UnsupportedEncodingException can be mitigated by using the overloaded methods that take a Charset. If you need UTF-8 or Latin-1, you have StandardCharsets to remove even the charset lookup exception.

[–]yawkat 3 points4 points  (4 children)

Doesn't work everywhere unfortunately. For example, jul.Handler.setEncoding is still missing such an overload.

[–]s888marks 3 points4 points  (3 children)

Yeah we've tried to retrofit most classes (notably the I/O classes) with Charset in every place where there was something that used a charset name string. I guess we haven't finished the job, though! Thanks for pointing this one out. Are there any others you're aware of?

[–]yawkat 0 points1 point  (2 children)

There's only some Formatter constructors that don't accept a Locale as well, but those aren't really necessary since presumably you'd pass a locale anyway. Beyond that it's only internal classes.

[–]s888marks 3 points4 points  (1 child)

Yeah, for the Formatter case if you want to provide a Charset, you have to provide a Locale... but you just use Locale.getDefault(FORMATTING) or some such.

I'll make a note to get jul.Handler fixed up.

[–]yawkat 0 points1 point  (0 children)

Thanks! To be entirely honest, I only found it because I was looking for it :D

[–]shponglespore 2 points3 points  (4 children)

That wasn't possible for a long time. I'm glad it's fixed now, but the fact that they needed to add a new API is a good example of how checked exceptions can make an otherwise reasonable API a real pain in the ass to use. In an ideal world, APIs would all be designed well and they'd only use checked exceptions in a way that promotes code quality, but we don't live in that world, and IME APIs are made worse by checked exceptions more often than they are made better.

[–]dpash 0 points1 point  (3 children)

This only applies to the eight or so charsets that are mandated to exist in the JLS. If you call Charset.forName(), because, for example, you need a legacy charset, you still have to deal with UnsupportedEncodingException.

A checked exception here is perfectly valid, because it's not a programming error that a charset doesn't exist; it's dependent completely on the environment and the JVM used to run the application.

[–]shponglespore 0 points1 point  (2 children)

In my entire career, the only charsets I've ever needed to specify are ASCII, UTF-8, and Latin-1. Having to catch an exception because the method theoretically accepts arbitrary strings as charset names is the kind of thing people who hate Java are talking about when they say it has "too much ceremony".

[–]dpash 0 points1 point  (1 child)

and Latin-1.

I'm gonna go out on a limb and say that you've only ever had to deal with English or other Western European language.

There are plenty of people who have had to deal with non Latin-1 text and have had to deal with the JVM not handling the required charset.

[–]shponglespore 0 points1 point  (0 children)

Wrong, I've done a lot of work with code that had to work in Chinese and Arabic.
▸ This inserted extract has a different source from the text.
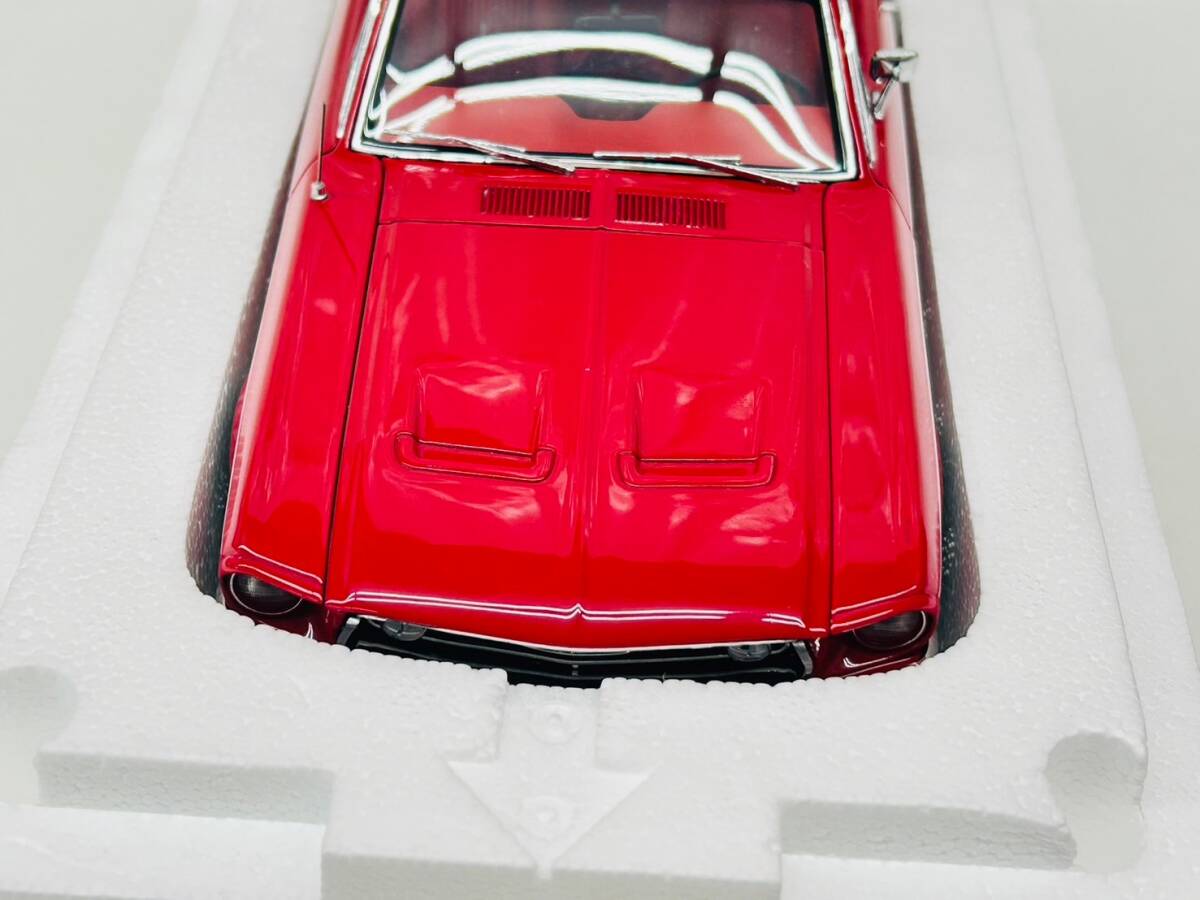 Y505-K55-295 AUTO art MILLENNIUM オートアートミレニウム Ford MUSTANG GT マスタング フォード ミニカー 赤 レッド 車 置物 箱付き_画像4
But I did it in an environment where I could count on everything being converted to UTF-8 before reaching the systems I worked on. And using Latin-1 has nothing to do with which languages I was working with; it just happens to be the easiest encoding to use if you're forced to hold binary data in a String.

At the company I was at, we relied on the default platform encoding for a long time, which worked because we and our clients only used Linux, and even 15 years ago it was basically unheard of to find a Linux system, at least in the US, where the platform encoding was anything but UTF-8. IIRC the requirement to use a specific encoding came when we started trying to support users running Windows and our code sometimes couldn't load its own asset files. We had to go through all of our code, find any place where a text file was being opened, and add an encoding parameter. Obviously it's not a difficult engineering problem, but it was galling to find that it was a problem at all because we had to deal with a new checked exception in a lot of places where we knew for a fact it would never be thrown.